Multi-tenancy and governance

Most organizations should run fewer, larger clusters instead of one cluster per team. Multi-tenancy makes that work without teams stepping on each other. A well-governed shared cluster is cheaper, easier to patch, and simpler to monitor — but without guardrails it becomes the wild west within weeks.

Tenancy models

Pick one model and stick with it. Mixing models in the same cluster creates confusion.

Model	When to use	Isolation level
Namespace-per-team	Default choice. Teams share a cluster, each gets a namespace with quotas and RBAC.	Logical
Namespace-per-environment	Small orgs where one team owns dev/staging/prod namespaces in the same cluster.	Logical
Cluster-per-tenant	Regulatory requirements (PCI, HIPAA), zero-trust between tenants, or GPU workloads that need full node control.	Physical

Use namespace-per-team unless you have a documented reason not to. Cluster-per-tenant doubles your operational burden.

tip

Start with namespace-per-team. You can promote a tenant to their own cluster later. Going the other direction is painful.

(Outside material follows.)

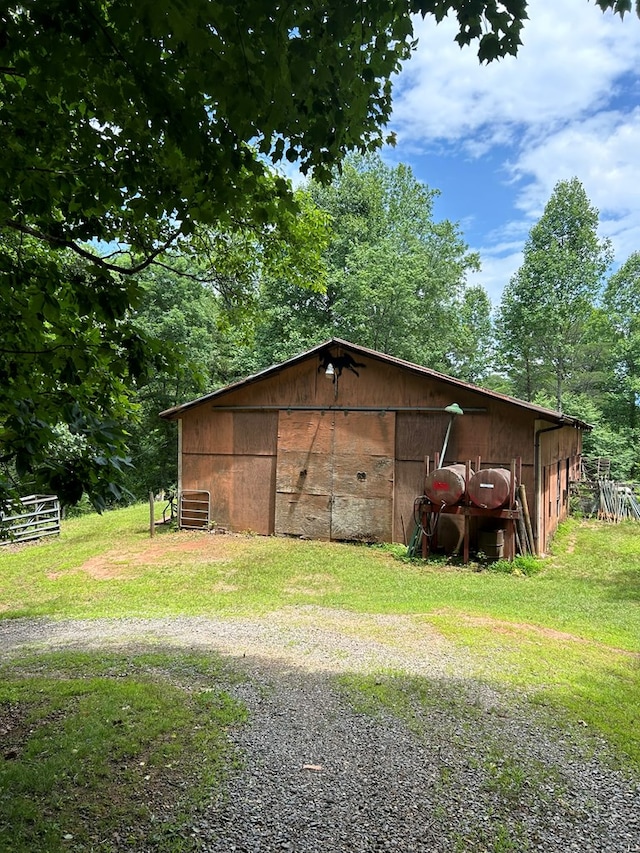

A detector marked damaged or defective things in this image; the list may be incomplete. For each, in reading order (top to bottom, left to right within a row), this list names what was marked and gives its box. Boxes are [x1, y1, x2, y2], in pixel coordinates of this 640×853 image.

rusted barrel [424, 466, 470, 506]
rusty metal tank [424, 466, 470, 506]
rusted barrel [468, 470, 512, 510]
rusty metal tank [468, 470, 512, 510]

Namespace isolation checklist

Every new tenant namespace needs all five of these. Skip one and you have a gap.

#	Resource	Purpose
1	`ResourceQuota`	Caps total CPU, memory, storage, and object counts
2	`LimitRange`	Sets default requests/limits so no pod runs unbounded
3	`NetworkPolicy`	Denies all traffic by default, then allows specific flows
4	`RoleBinding`	Scoped RBAC — team members get only namespace-level access
5	Entra ID group mapping	Bind roles to Azure AD groups, not individual users

Resource quotas and LimitRange

Without quotas, one team can consume the entire cluster. Set quotas on day one, not after an incident.

apiVersion: v1
kind: ResourceQuota
metadata:
  name: team-alpha-quota
  namespace: team-alpha
spec:
  hard:
    requests.cpu: "8"
    requests.memory: 16Gi
    limits.cpu: "16"
    limits.memory: 32Gi
    persistentvolumeclaims: "10"
    pods: "50"
    services.loadbalancers: "2"
---
apiVersion: v1
kind: LimitRange
metadata:
  name: default-limits
  namespace: team-alpha
spec:
  limits:
    - default:        { cpu: 500m, memory: 512Mi }
      defaultRequest: { cpu: 100m, memory: 128Mi }
      max:            { cpu: "2",  memory: 4Gi }
      min:            { cpu: 50m,  memory: 64Mi }
      type: Container

warning

If you set a ResourceQuota on CPU or memory, every pod in that namespace must specify requests and limits. Pods without them will be rejected. Always pair quotas with a LimitRange to set defaults.

Network policies

Use Azure CNI with Cilium or Calico — not kubenet. Kubenet does not enforce network policies. Apply a deny-all policy first, then punch holes for DNS and your ingress controller:

apiVersion: networking.k8s.io/v1
kind: NetworkPolicy
metadata: { name: deny-all, namespace: team-alpha }
spec:
  podSelector: {}
  policyTypes: [Ingress, Egress]
---
apiVersion: networking.k8s.io/v1
kind: NetworkPolicy
metadata: { name: allow-dns, namespace: team-alpha }
spec:
  podSelector: {}
  policyTypes: [Egress]
  egress:
    - to: [{ namespaceSelector: {} }]
      ports: [{ protocol: UDP, port: 53 }, { protocol: TCP, port: 53 }]
---
apiVersion: networking.k8s.io/v1
kind: NetworkPolicy
metadata: { name: allow-ingress-controller, namespace: team-alpha }
spec:
  podSelector: {}
  policyTypes: [Ingress]
  ingress:
    - from:
        - namespaceSelector:
            matchLabels: { kubernetes.io/metadata.name: ingress-system }

info

Test network policies in staging first. A misconfigured egress policy that blocks DNS will take down every workload in the namespace instantly.

RBAC patterns

Use built-in ClusterRoles for permissions, namespace-scoped RoleBindings for access. Never grant cluster-admin to application teams.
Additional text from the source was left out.